With schools closed, athletic seasons cancelled, and a stay-at-home order in place, your kids may be feeling a lot of things right now. Disappointment over missing out on events they were looking forward to, grief over lost time with their friends, fear of a disease they may not understand, and anxiety about what’s going to happen next.
And even though you’re the parent, you’re probably feeling these same emotions.
We talked with OhioHealth psychiatrist Dallas Erdmann, MD, who recommended some ways your family can come together to get through this tough time, emerging stronger and more resilient.
Start a conversation, and keep having it
Everyone deals with stress and processes emotions differently. How you feel about the situation may not always be how your kids or your partner are feeling. And that’s OK.
Have honest discussions as a family about your feelings, and assure your kids that all feelings are normal and valid. Explain that feelings of anxiety and fear are expected in light of an unprecedented pandemic. Healthy anxiety is a real emotion that serves a purpose. It alerts us to potential threats and encourages us to seek safety. While the new coronavirus isn’t a dangerous threat in the traditional sense, it still poses risks to your health.

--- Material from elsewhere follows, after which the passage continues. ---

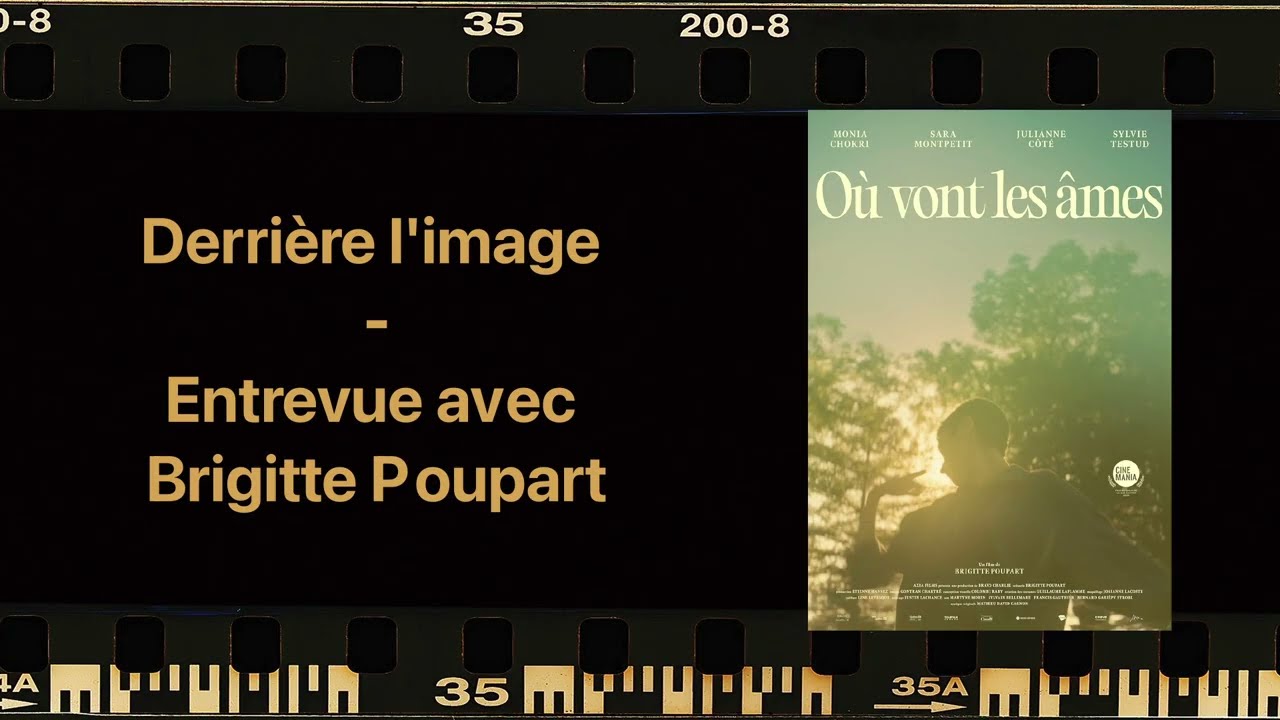 Entrevue avec Brigitte Poupart [Où vont les âmes]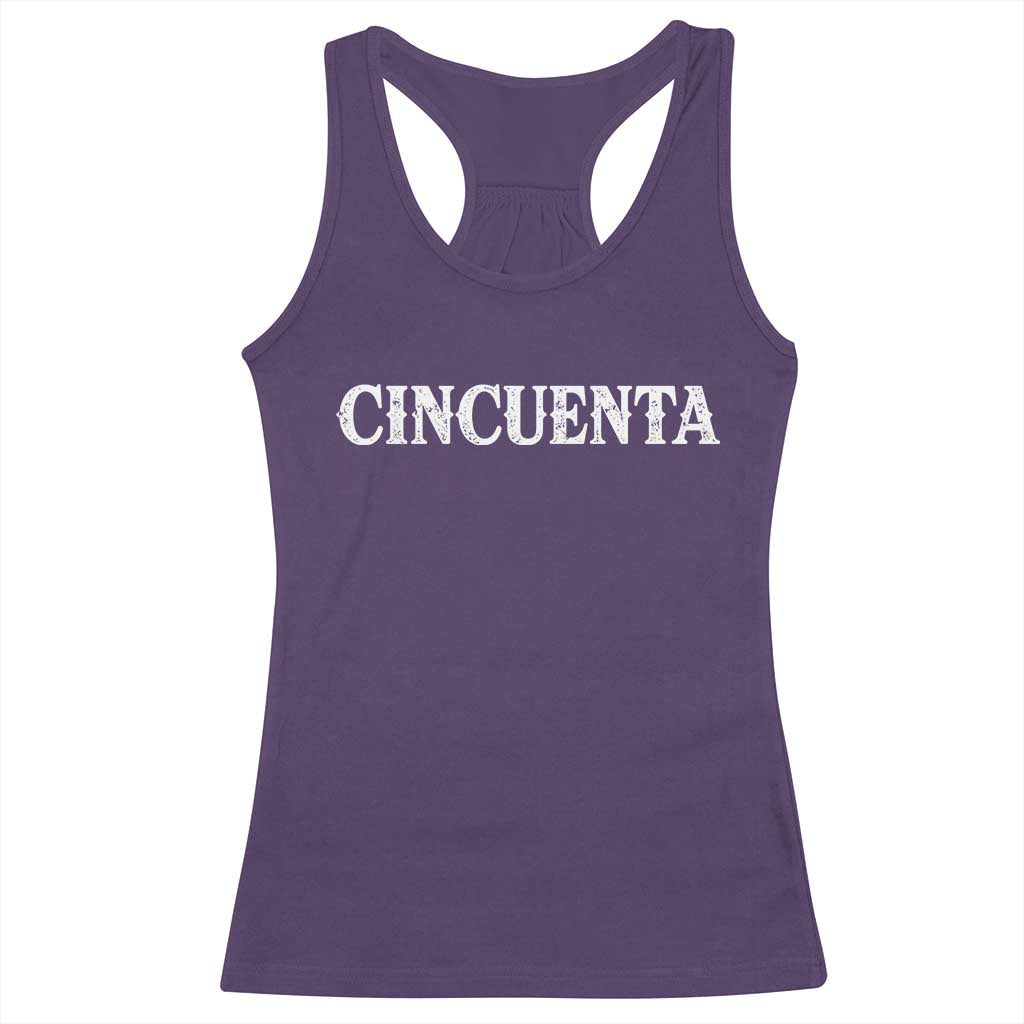 Spanish Mexican 50th Birthday Racerback Tank Top Cincuenta 50 Years Old Bday TS11 Purple Print Your Wear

Depending on how old your kids are, you may also be able to have factual conversations about what COVID-19 is and how to stay safe. A recent New York Times article expands on ways to help teenagers manage anxiety.
Build a sense of unity
Reinforce with your kids that there are things we can all do to help reduce risk. Things like washing our hands, complying with social distancing guidelines and following recommended health protocols. Useful action can give your kids purpose and help reduce unhealthy anxiety.
Offer perspective and set boundaries for screen time
Fixating on events can cause anxiety to grow to unhealthy levels. The constant availability of COVID-19 news may spur some kids to seek updates at obsessive levels. Monitor how much your kids are using their devices to follow what’s happening, and encourage them to rely on credible news sources, like the Centers for Disease Control and Prevention and the Ohio Department of Health. Social media can help kids stay connected with friends, but it can also spread rumors and false information from unreliable sources. Remind your kids to be cautious about what they find and share.

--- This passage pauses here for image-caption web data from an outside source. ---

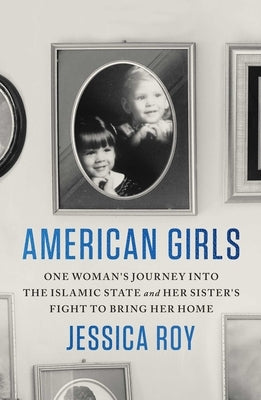 American Girls: One Woman's Journey Into the Islamic State and Her Sister's Fight to Bring Her Home by Roy, Jessica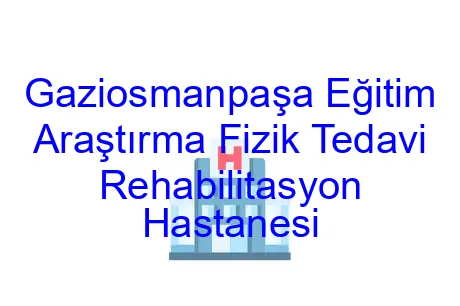 Gaziosmanpaşa Eğitim Araştırma Fizik Tedavi Rehabilitasyon Hastanesi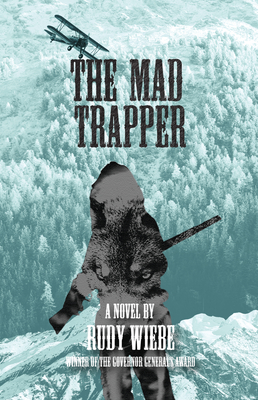 The Mad Trapper - Wiebe, Rudy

Experts recommend limiting your family to 30 minutes of news per day. You could make this a group activity so you can help your kids sort through the news and provide guidance for staying focused on facts.
Turning your attention away from technology gives your mind and body a healthy break. Try to set aside time each day for other activities. We’ve got a few ideas you can add to your family’s entertainment toolbox.
Keep life as normal as possible. You may need to modify your routine as you adjust to home-schooling or working from home, and that’s OK. Just stick to it. Have meals together, build in time for exercise, and go to bed and wake up at a consistent time. These can all help reduce anxiety and promote healthy sleeping patterns.
And remember, not every moment at home has to be spent together. Permit and build quiet time into your schedule, and create personal spaces where your family members can get away for a moment.
Check in with family members you may not be able to visit at this time. If possible, have phone or video chats rather than just texting. Be creative with your video chat time! You could have a round-robin discussion of the most interesting thing each person learned that day or week, what new recipe someone tried, or even play a board game. Let these experiences evolve and encourage new ideas from everyone.
Continue to reassure your kids that this new norm won’t be forever, and try to avoid telling them not to worry. Rather, keep reminding them about the ways you can all reduce risk and keep your loved ones safe.
Most of all, try to embrace the upcoming days and weeks with joy and a positive attitude. Kids follow adult cues for how they should feel and react when encountering something new. Let your family know that you want to spend time with them and are excited by this unique opportunity to strengthen your bonds. Encourage your kids to document their experience through writing journals, drawing pictures and taking photos. These will become happy memories you can all look back on in the years to come.